**Collected data:**
'''

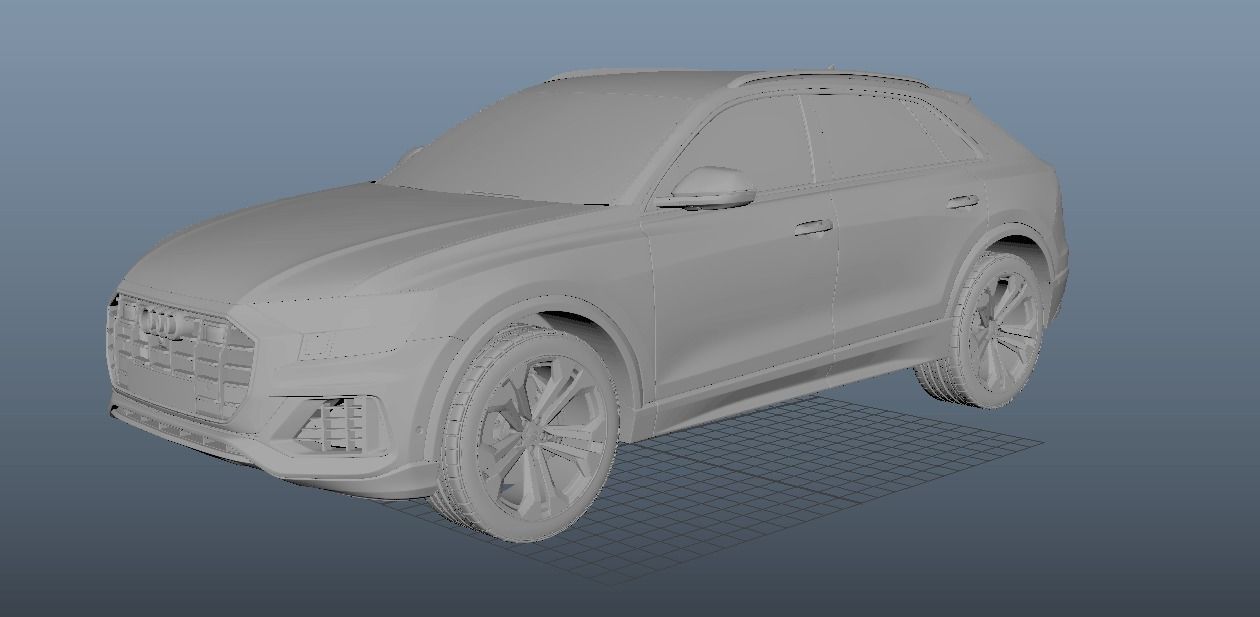 Audi Q8 2019  Low-poly 3D model_7
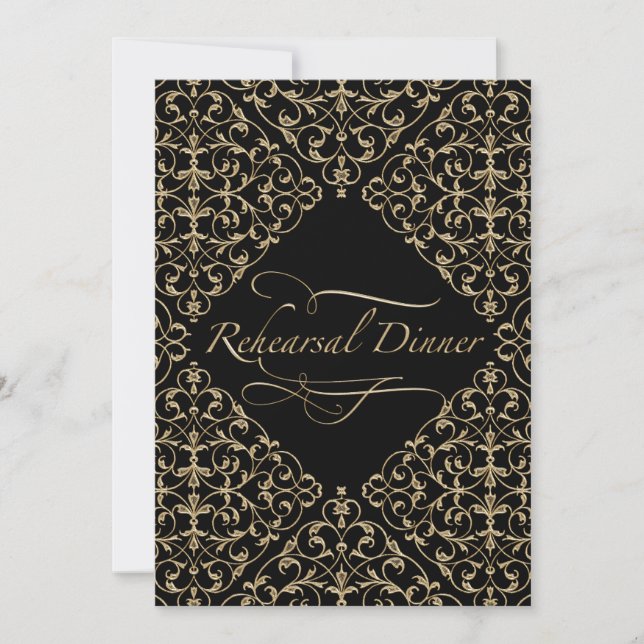 Art Deco Nouveau Lace Damask Golden Calligraphy Invitation (Front)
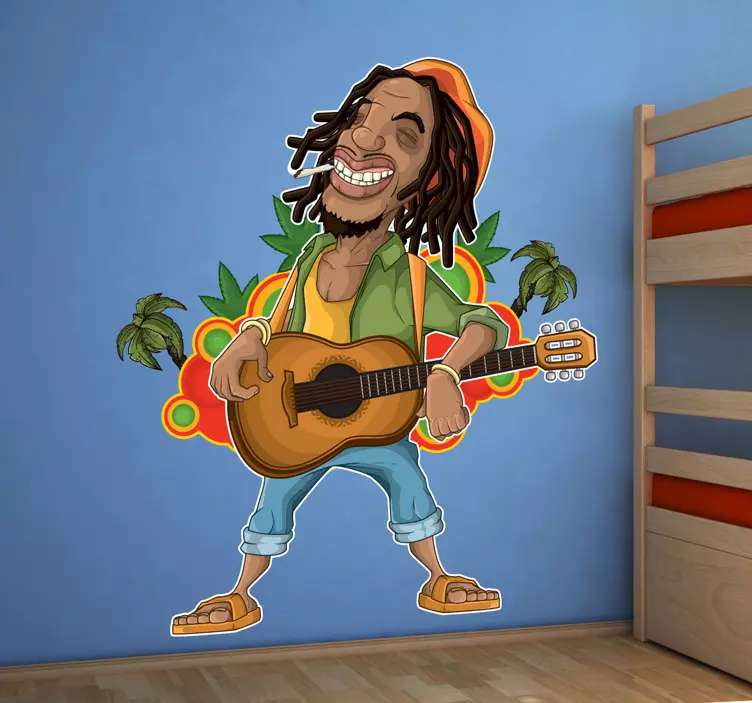 Rastafari bob marley mærkat - TenStickers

'''

**Problem statement:** Write out exactly, with no pictures, each line from the one containing "Art Deco Nouveau" through the last line of the listing above, both included.

**Exercise output:**
 Art Deco Nouveau Lace Damask Golden Calligraphy Invitation (Front)
 Rastafari bob marley mærkat - TenStickers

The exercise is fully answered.